Magistrado ponente: Jorge Mauricio Burgos Ruiz

Ley 54 de 1990Ley 797 de 2005

CORTE SUPREMA DE JUSTICIA República de Colombia Corte Suprema de Justicia Radicación n° 41664 CORTE SUPREMA DE JUSTICIA SALA DE CASACIÓN LABORAL JORGE MAURICIO BURGOS RUIZ Magistrado Ponente STL15232-2015 Radicación n° 41664 Acta 39 Bogotá, D.C., cuatro (4) de noviembre de dos mil quince (2015). Se resuelve la primera instancia en la acción de tutela instaurada por señores NELSON y JAIDER ZABALETA SICILIANO contra la SALA CIVIL -FAMILIA – LABORAL DEL TRIBUNAL SUPERIOR DE MONTERÍA, extensiva al JUZGADO TERCERO LABORAL DEL CIRCUITO de la misma ciudad.

I.

ANTECEDENTES Adujeron los accionantes que son hijos de Henio Jacob Zabatela Padilla (q.e.p.d), quien era pensionado del Banco de la República; que ante su fallecimiento se presentaron a reclamar la pensión de sobrevivientes la hija discapacitada, Lucy Liliana Zabaleta Olascoaga y María Juliana Morelo Sánchez, en calidad de compañera permanente; que el Banco autorizó el pago del 50% correspondiente a la hija y dejó en suspenso el 50% restante hasta que la reclamante demostrara la calidad de compañera permanente.
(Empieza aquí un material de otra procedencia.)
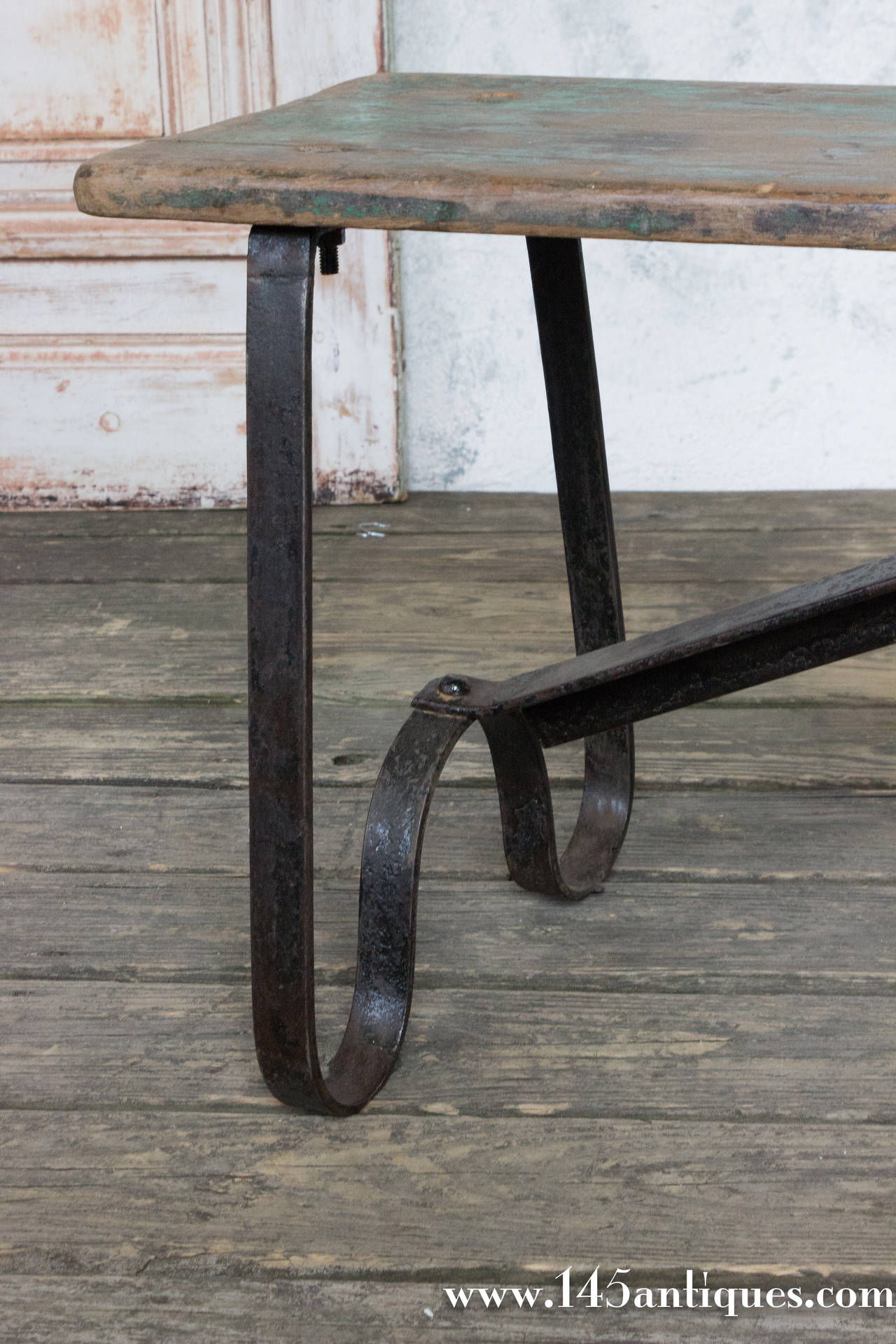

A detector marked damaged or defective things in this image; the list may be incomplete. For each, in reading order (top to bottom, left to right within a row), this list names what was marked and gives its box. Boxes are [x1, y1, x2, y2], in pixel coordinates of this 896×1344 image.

rusty metal surface [75, 74, 896, 249]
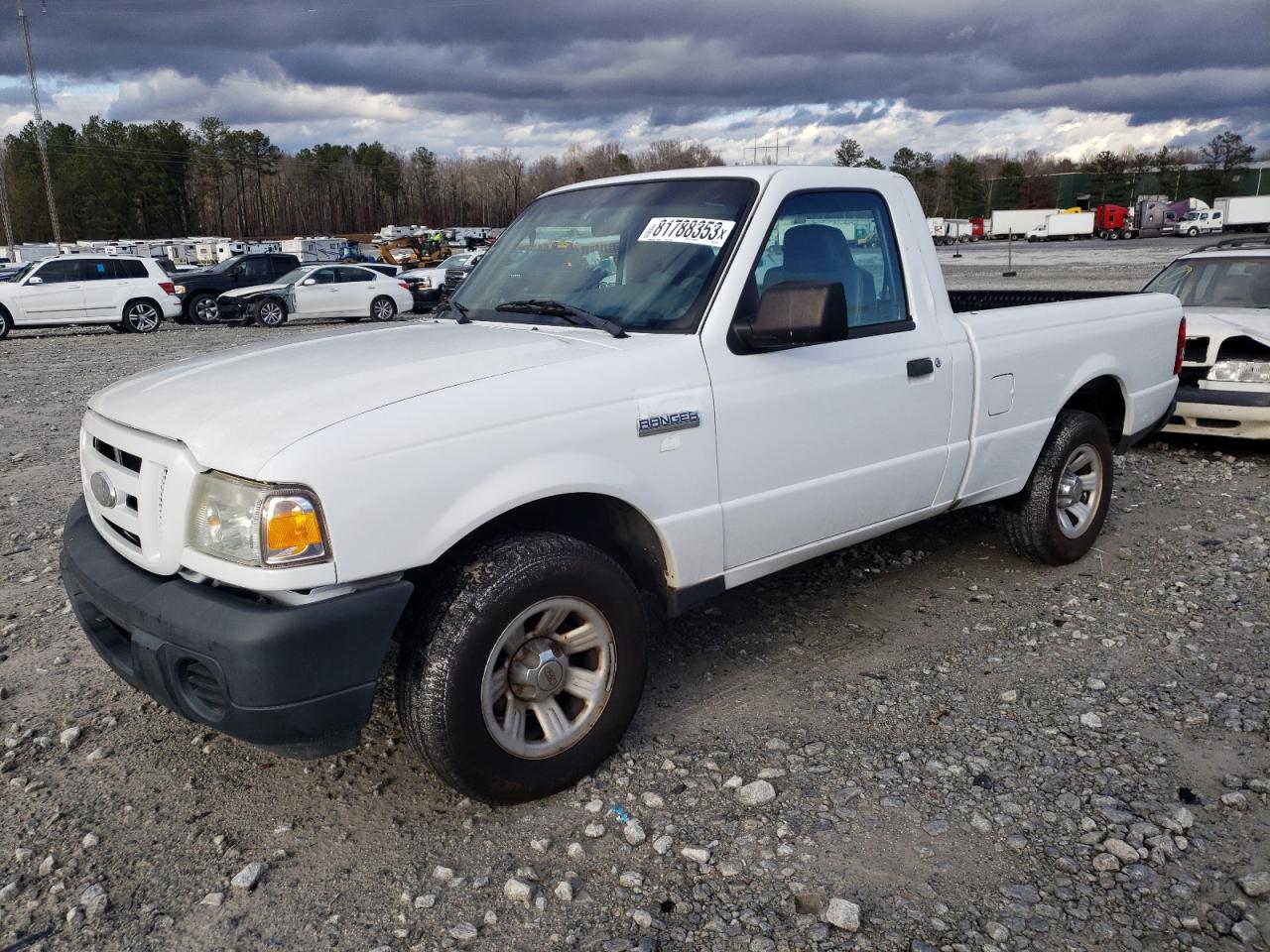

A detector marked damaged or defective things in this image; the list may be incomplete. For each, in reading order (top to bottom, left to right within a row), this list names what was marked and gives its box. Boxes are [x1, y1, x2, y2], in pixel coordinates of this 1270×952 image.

Agregaron que los doce hijos del causante acudieron al banco para que les pagaran el seguro de vida, pero solo obtuvieron « el 50%» porque el otro porcentaje quedó igualmente en suspenso hasta que la solicitante acreditara la unión marital de hecho. Argumentaron que María Juliana Morelo Sánchez presentó proceso ordinario laboral contra el Banco de la República y Colpensiones; que el despacho de conocimiento, que lo fue el Juzgado Tercero Laboral del Circuito de Montería, de oficio ordenó vincular a Lucy Liliana Zabaleta Olascoaga, que el debate giró en torno a la acreditación de la calidad de compañera permanente de la demandante, la que fue reconocida mediante sentencia de primera instancia. Explicaron que el artículo 1º de la ley 54 de 1990 define la unión marital de hecho, en tanto que el artículo 2 de la Ley 797 de 2005, determina los casos en que se puede declarar la unión marital, que en ese orden a la señora María Juliana Morelo Sánchez para acreditar ante el Banco de la República, la calidad de compañera permanente del causante, mediante sentencia judicial, era necesario que iniciara un proceso ante los jueces de familia en el que todos los hijos de éste fueran vencidos en juicio.

Empero la demandante « sin vencernos en juicio ha obtenido la calidad de compañera permanente y por ende podrá reclamar el 50% del seguro de vida y la pensión de nuestro finado padre, sin lugar a dudas dentro del marco legal que hemos enunciado el trámite adelantado es una vía de hecho, que violenta el debido proceso, pues no hemos sido vencidos en juicio ».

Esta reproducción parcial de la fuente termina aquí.